1.Algemene vrijlating
De vrijlating gedurende zes maanden wordt verleend indien het college van oordeel is dat dit de uitstroom naar werk ten goede komt. In onze gemeente is hieraan een ruime uitleg gegeven. Elk algemeen geaccepteerde arbeid leidt volgens het college tot een verbetering van de uitstroomkansen. Dit geldt ook voor bijvoorbeeld een krantenwijk, het bezorgen van folders het verrichten van activiteiten als bescheiden schaal zelfstandigen etc.
2.Vrijlating alleenstaande ouders
Het is wettelijk geregeld dat alleenstaande ouders recht hebben op een continuering van dertig maanden na afloop van zes maanden vrijlating. Dit aangezien verondersteld wordt dat alleenstaande ouders langere tijd nodig hebben om volledig uit te stromen naar werk. Voor zover geen volledig gebruik is gemaakt van zes maanden vrijlating vangt de termijn van de continuering aan vanaf het moment waarop de 24 maanden termijn is verstreken.

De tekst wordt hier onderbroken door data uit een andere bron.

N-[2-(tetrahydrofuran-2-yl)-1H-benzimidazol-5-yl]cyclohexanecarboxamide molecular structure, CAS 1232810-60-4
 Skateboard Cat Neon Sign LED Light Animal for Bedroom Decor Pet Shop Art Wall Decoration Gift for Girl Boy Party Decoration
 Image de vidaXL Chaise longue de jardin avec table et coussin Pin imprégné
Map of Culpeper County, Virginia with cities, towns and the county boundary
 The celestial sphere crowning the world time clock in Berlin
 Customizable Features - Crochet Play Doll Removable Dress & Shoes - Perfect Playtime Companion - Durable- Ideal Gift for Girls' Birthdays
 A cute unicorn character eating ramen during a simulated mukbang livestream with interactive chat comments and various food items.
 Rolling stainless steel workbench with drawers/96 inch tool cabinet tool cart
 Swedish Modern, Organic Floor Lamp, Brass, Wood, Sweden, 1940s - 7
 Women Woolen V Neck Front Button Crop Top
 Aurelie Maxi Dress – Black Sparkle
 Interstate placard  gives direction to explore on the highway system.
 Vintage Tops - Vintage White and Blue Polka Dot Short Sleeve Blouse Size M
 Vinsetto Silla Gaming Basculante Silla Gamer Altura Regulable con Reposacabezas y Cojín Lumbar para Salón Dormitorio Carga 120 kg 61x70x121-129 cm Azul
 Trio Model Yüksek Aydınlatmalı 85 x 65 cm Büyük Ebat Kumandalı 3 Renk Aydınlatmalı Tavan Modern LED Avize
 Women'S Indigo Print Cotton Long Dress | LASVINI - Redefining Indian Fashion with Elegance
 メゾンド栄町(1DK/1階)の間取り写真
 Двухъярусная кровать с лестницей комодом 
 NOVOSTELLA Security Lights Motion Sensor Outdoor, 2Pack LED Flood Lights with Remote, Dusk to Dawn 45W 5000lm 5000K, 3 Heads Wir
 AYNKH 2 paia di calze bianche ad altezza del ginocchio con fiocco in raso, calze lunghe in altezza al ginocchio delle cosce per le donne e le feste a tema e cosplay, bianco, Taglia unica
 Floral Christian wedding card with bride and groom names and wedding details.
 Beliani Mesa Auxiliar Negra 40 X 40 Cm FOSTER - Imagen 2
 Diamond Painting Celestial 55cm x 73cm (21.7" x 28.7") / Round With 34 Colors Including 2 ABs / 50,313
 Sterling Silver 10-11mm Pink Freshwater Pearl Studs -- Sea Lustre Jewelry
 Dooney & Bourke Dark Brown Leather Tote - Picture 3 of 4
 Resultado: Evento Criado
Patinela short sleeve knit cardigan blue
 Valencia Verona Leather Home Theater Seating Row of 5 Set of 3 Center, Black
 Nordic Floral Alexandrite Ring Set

De maximale termijn van 24 maanden vangt aan vanaf de eerste dag van de uitkeringsmaand waarin de vrijlating is toegepast.
Voorbeeld
Een alleenstaande ouder bezorgt in januari 2016 folders evenals in april 2016, augustus 2017 en vervolgens start deze alleenstaande ouder vanaf 1 januari 2018 een krantenwijk.
Gedurende de maximale termijn van 24 maanden (1 januari tot en met 31 december 2017) heeft deze alleenstaande ouder recht op een vrijlating in de maanden januari 2016, april 2016 en augustus 2017. Hij of zij heeft drie maanden vrijlating verbruikt. De maximale periode van 24 maanden verstreek op 31 december 2017 waardoor geen recht meer bestaat op nogmaals drie maanden vrijlating. Vanaf 1 januari 2018 bestaat recht op dertig maanden additionele vrijlating voor alleenstaande ouders.
Deze beleidsregels gelden in aanvulling op en onverminderd artikel 11 van de Beleidsregels re-integratie participatiewet 2015.